How to zero-initialize a C string (array of wchar_t)?

  • Thread starter Niels Dekker - no reply address
  • Start date
N

Niels Dekker - no reply address

Are all the following initializations semantically equivalent?

wchar_t a[8] = {L'\0'};
wchar_t b[8] = {'\0'};
wchar_t c[8] = {0};
wchar_t d[8] = {};

If so, why don't we all use an empty initializer list, {}, when
zero-initializing a C-style string? I was wondering, because the book
C++ Coding Standards (Sutter & Alexandrescu) says at item 19, "Always
initialize variables":

char path[MAX_PATH] = { '\0' };


Niels Dekker
http://www.xs4all.nl/~nd/dekkerware
 
E

Eric Boutin

Are all the following initializations semantically equivalent?

wchar_t a[8] = {L'\0'};
wchar_t b[8] = {'\0'};
wchar_t c[8] = {0};
wchar_t d[8] = {};


If so, why don't we all use an empty initializer list, {}, when
zero-initializing a C-style string?

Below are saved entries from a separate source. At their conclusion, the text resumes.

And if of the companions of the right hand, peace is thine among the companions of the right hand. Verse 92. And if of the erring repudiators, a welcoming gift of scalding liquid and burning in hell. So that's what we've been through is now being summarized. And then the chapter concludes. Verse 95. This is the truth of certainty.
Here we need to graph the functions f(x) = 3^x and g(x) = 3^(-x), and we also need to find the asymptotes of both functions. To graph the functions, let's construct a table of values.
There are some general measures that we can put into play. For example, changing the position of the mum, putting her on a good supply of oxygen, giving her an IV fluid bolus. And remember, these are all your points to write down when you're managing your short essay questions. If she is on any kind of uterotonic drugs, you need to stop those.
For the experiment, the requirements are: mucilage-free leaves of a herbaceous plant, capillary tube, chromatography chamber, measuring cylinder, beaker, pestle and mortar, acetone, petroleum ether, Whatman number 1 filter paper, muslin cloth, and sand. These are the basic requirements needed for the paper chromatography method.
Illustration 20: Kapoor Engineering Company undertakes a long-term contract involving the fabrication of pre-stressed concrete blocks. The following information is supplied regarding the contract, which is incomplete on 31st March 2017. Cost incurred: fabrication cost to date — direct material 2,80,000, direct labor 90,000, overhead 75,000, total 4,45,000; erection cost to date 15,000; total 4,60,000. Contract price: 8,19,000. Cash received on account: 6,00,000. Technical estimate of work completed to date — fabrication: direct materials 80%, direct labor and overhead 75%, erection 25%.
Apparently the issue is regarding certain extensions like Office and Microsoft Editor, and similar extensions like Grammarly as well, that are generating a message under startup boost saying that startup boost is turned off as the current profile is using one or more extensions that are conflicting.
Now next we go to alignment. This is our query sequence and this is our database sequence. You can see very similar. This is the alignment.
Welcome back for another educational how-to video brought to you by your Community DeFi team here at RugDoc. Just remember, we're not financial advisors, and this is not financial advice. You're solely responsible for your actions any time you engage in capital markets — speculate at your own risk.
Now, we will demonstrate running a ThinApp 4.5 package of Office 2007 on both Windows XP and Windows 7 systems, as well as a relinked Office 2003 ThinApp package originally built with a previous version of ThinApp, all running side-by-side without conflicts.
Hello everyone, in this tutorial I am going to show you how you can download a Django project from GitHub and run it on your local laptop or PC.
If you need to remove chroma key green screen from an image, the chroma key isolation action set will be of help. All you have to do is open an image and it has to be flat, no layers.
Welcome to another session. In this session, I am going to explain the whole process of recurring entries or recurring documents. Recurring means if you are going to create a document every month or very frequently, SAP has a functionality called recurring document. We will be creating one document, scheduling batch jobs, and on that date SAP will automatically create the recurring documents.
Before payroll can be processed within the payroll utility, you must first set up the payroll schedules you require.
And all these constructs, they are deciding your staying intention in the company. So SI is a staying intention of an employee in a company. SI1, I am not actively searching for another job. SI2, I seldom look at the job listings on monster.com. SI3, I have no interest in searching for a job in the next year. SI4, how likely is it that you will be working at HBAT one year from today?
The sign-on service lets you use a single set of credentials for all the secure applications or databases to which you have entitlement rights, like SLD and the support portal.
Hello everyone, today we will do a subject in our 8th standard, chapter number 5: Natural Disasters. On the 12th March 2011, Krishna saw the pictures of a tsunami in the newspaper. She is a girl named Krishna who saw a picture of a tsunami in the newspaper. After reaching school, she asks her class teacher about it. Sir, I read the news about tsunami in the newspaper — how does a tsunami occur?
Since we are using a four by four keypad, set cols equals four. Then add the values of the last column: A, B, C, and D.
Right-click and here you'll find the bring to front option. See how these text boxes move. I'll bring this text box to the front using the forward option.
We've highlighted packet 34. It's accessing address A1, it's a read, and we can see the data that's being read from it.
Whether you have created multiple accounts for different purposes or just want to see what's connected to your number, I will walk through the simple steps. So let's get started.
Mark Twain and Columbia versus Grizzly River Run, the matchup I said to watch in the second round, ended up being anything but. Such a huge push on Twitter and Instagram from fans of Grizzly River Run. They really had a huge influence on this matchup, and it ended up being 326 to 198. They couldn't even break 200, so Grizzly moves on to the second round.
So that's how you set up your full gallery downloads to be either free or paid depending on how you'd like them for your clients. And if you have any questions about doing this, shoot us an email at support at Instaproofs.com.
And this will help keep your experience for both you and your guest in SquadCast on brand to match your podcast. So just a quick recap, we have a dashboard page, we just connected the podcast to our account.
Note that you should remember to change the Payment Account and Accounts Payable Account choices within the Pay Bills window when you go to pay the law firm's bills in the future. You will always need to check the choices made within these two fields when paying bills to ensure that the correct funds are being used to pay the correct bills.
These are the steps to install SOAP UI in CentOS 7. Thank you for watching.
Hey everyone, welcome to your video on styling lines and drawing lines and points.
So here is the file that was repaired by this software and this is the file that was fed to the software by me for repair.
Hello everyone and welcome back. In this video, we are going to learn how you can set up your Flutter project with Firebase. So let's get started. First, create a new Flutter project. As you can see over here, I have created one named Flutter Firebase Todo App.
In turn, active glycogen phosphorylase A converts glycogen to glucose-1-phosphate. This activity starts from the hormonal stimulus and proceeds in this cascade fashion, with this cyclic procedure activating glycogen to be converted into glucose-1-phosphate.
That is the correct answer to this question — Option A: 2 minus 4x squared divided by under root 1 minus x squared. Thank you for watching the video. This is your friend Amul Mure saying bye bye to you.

I was wondering, because the book
C++ Coding Standards (Sutter & Alexandrescu) says at item 19, "Always
initialize variables":

char path[MAX_PATH] = { '\0' };

you need to fill the array with '\0' because if the array is of dimension
10 let's say, the last char is '\0' and you set the first 5 characters
to let's say 'hello'
you'll get :

0 1 2 3 4 5 6 7 8 9
h e l l o t d r a '\0'

because the 5-6-7-8 characters were not set and are still using unset
memory. Maybe your compiler will clear the memory for you but I'm not
shure it's a standard behavior and it's not a good habbit to take


however if you do
memset(path, '\0', 10);
//set path value here
you'll get

hello'\0'
whatever's the lenght of path
which is the wanted result



or even better !!
give a try to the STL

#include <string>
std::string path = "hello";


beside std::string is a lot more secure than char[] because it's size
will autoincrease as you append data.

A small performance hit but a more secure program...

beside;
cin >> path; //where path is std::string

is almost impossible to overflow... however
cin >> path; //where path is char[]

is really easy to overflow.. if you allocated 10 char and the user input
40 characters... your program may not recover




Hope it helped


========
Eric Boutin
(e-mail address removed)
 
P

Phlip

Eric said:
Niels Dekker wrote :
Are all the following initializations semantically equivalent?

wchar_t a[8] = {L'\0'};
wchar_t b[8] = {'\0'};
wchar_t c[8] = {0};
wchar_t d[8] = {};


If so, why don't we all use an empty initializer list, {}, when
zero-initializing a C-style string? I was wondering, because the book
C++ Coding Standards (Sutter & Alexandrescu) says at item 19, "Always
initialize variables":

char path[MAX_PATH] = { '\0' };

you need to fill the array with '\0' because if the array is of dimension
10 let's say, the last char is '\0' and you set the first 5 characters
to let's say 'hello'
you'll get :

0 1 2 3 4 5 6 7 8 9
h e l l o t d r a '\0'

because the 5-6-7-8 characters were not set and are still using unset
memory. Maybe your compiler will clear the memory for you but I'm not
shure it's a standard behavior and it's not a good habbit to take


however if you do
memset(path, '\0', 10);

The expression

char yo[3][5][7] = { 0 };

zero-fills everything, relatively optimally. No character contains the
memory's previous contents.

Avoid memset() in C++ as a rule of thumb. There are various reasons why.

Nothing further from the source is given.